Public Voices: Catholics in the American Context. Edited by Steven M. Avella and Elizabeth McKeown. [American Catholic Identities: A Documentary History.] (Maryknoll, New York: Orbis Books, 1999. Pp. xxiv, 375. $50.00 hardcover; $30.00 paperback.)

Christopher Kauffman is the general editor of the "American Catholic Identities" document series, and this book is one among its nine volumes. It is a first-rate resource for American Catholic History and Catholic Studies classes as they enter the academic mainstream, and should become the standard assignment for students in such courses.

The 109 documentary selections on Catholics in public life, linked by brief editorial comments to orient the reader, are weighted in favor of recent affairs. The eighteenth- and nineteenth-century selections are, in fact, quite conventional, including five from John Carroll, the first Catholic bishop in America, and four from Archbishop John Hughes of New York (plus a letter to him from Patrick Lynch). I sympathize with the editors' dilemma: Carroll and Hughes are more readable and rewarding than most of their Catholic contemporaries, especially on these political questions, and it's difficult to resist the temptation to lean heavily on them, as anthologies have done for a century. Still, a word about politics from Orestes Brownson or Isaac Hecker and a bit more from the nineteenth-century deep South would have added variety. [End Page 529]

Two-thirds of the book deals with post-1920 issues and justly so, since Catholic engagement with national affairs is mainly a twentieth-century phenomenon. It is in this area that the book distinguishes itself. The familiar names show up again (notably the N.C.W.C.'s social action priest John A. Ryan, with five appearances) but now they are in the company of people we hear from less often, because our generation of Catholic historians is embarrassed to be reminded of them.
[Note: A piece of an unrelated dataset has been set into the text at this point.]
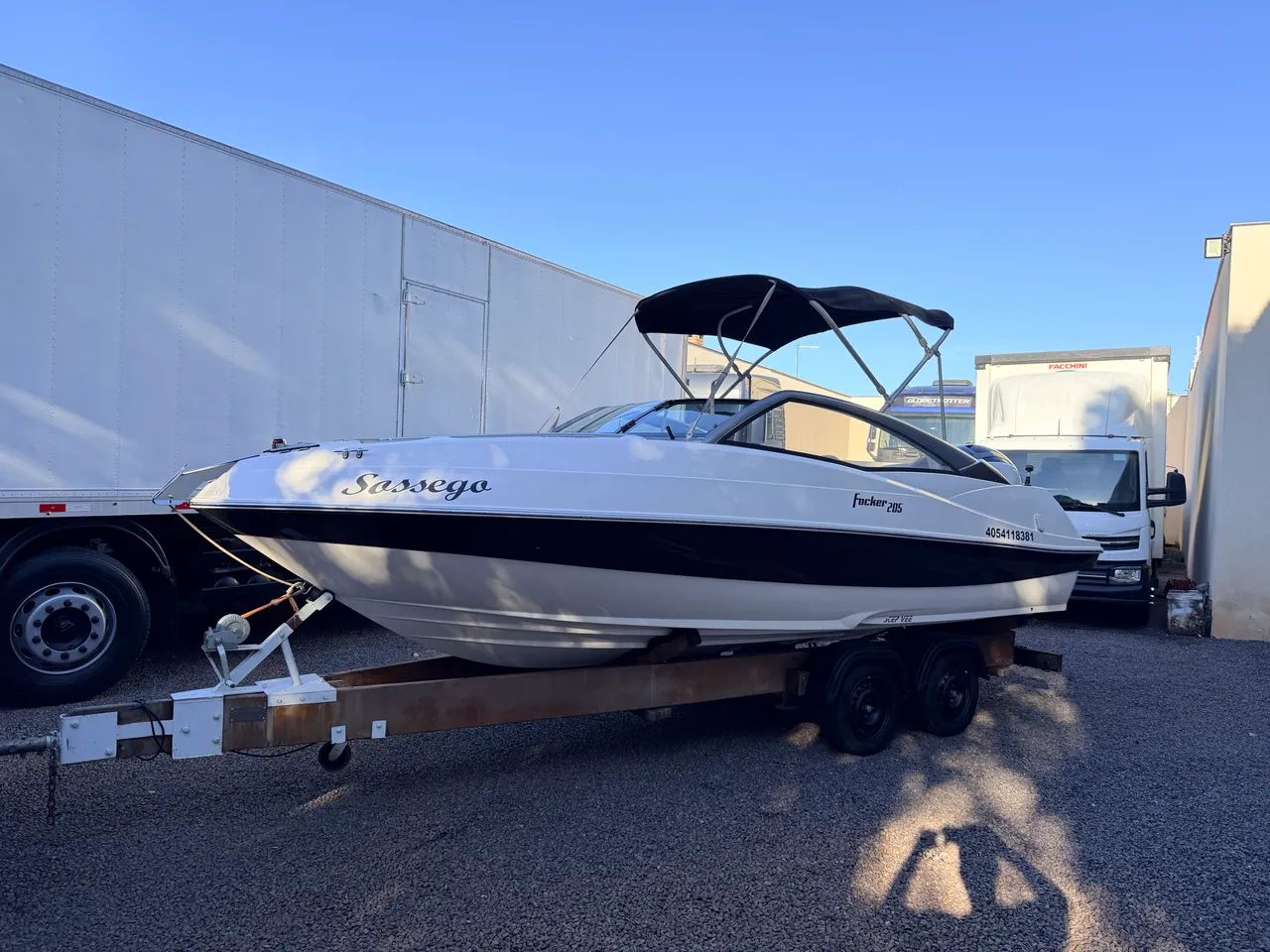 Lancha Focker 205 carreta rodoviária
In this category stands Cardinal William O'Connell of Boston (document 41), who writes in 1924 that Ryan, campaigning for the abolition of child labor, is "making straight for trouble as slyly as he can," that his objective is "nefarious and bolshevik," and that his ally, the Secretary of the National Council of Catholic Women, is "a rather impertinent specimen of modern social worker" (p. 149).

The editors ably represent Ryan's institutional approach to reform and Dorothy Day's more radical Catholic critique of capitalism (doc. 57). What is missing, however, is an example of the whole-hearted embrace of the American economic system which many Catholic leaders and parishioners showed through the mid-century decades. Not until the inclusion of Michael Novak's criticism of the Bishops' pastoral letter on the economy (1985--doc. 87) do readers encounter a thoroughly pro-capitalist Catholic. The section on race, likewise, illustrates the eagerness of Catholic leaders in the 1950's and 1960's to condemn segregation and discrimination (docs. 67-70), but omits the voices of Catholic segregationists, who were equally strident in upholding the old system.
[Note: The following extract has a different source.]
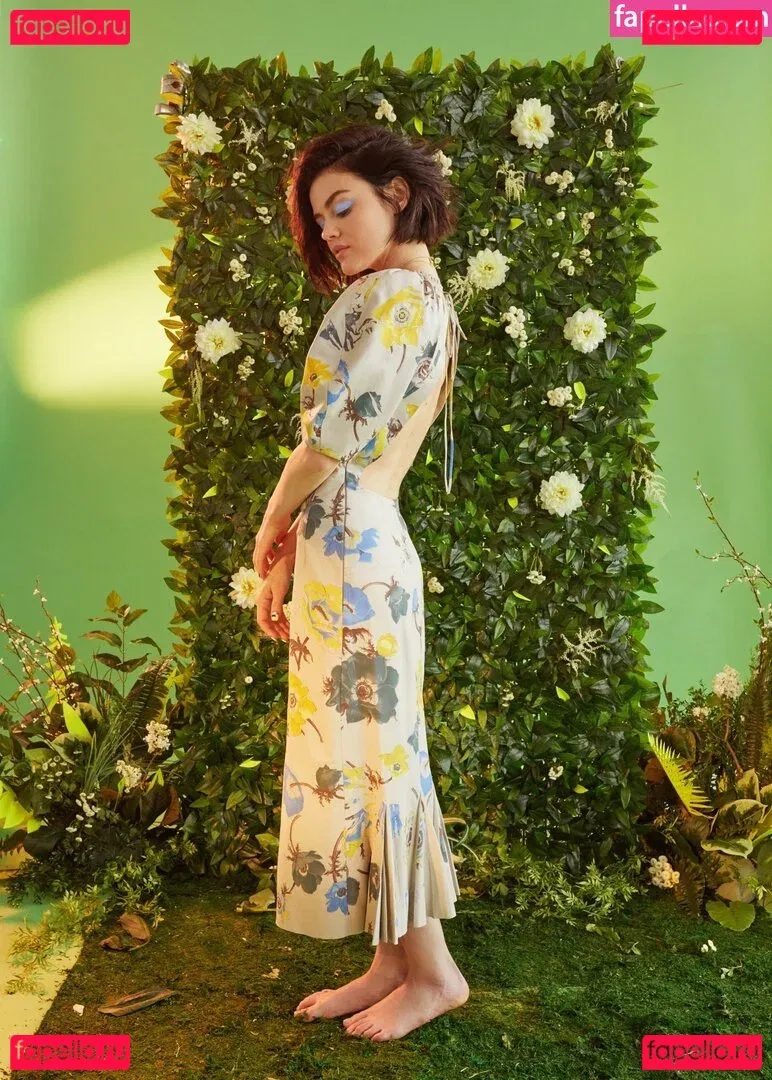 Lucy Hale Onlyfans Photo Gallery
By contrast, the various sides of the Communism controversy are well covered. Nearly all Catholics condemned Communism between the Russian Revolution and the Vietnam War and saw their church as the world's best antidote to the Red Menace. Some, like the diocesan priests of St. Augustine, Florida, did a little red hunting of their own (document 63 is their response to the N.C.W.C.'s "confidential questionnaire" of 1945 on Communist infiltration of schools, labor, and media) but others, like Bishop Bernard Sheil of Chicago, condemned the McCarthyite response to Communism in a rousing speech to the United Auto Workers (doc. 65). Some supported America's role in Vietnam (William Shannon's "The Case for the War" [doc. 75]) while others (the Berrigan brothers [doc. 73] and the Nine Trappist Abbots [76] condemned it, especially after 1968. The section on sex, contraception, and abortion is also as comprehensive as space permits, as are those on foreign policy and social justice.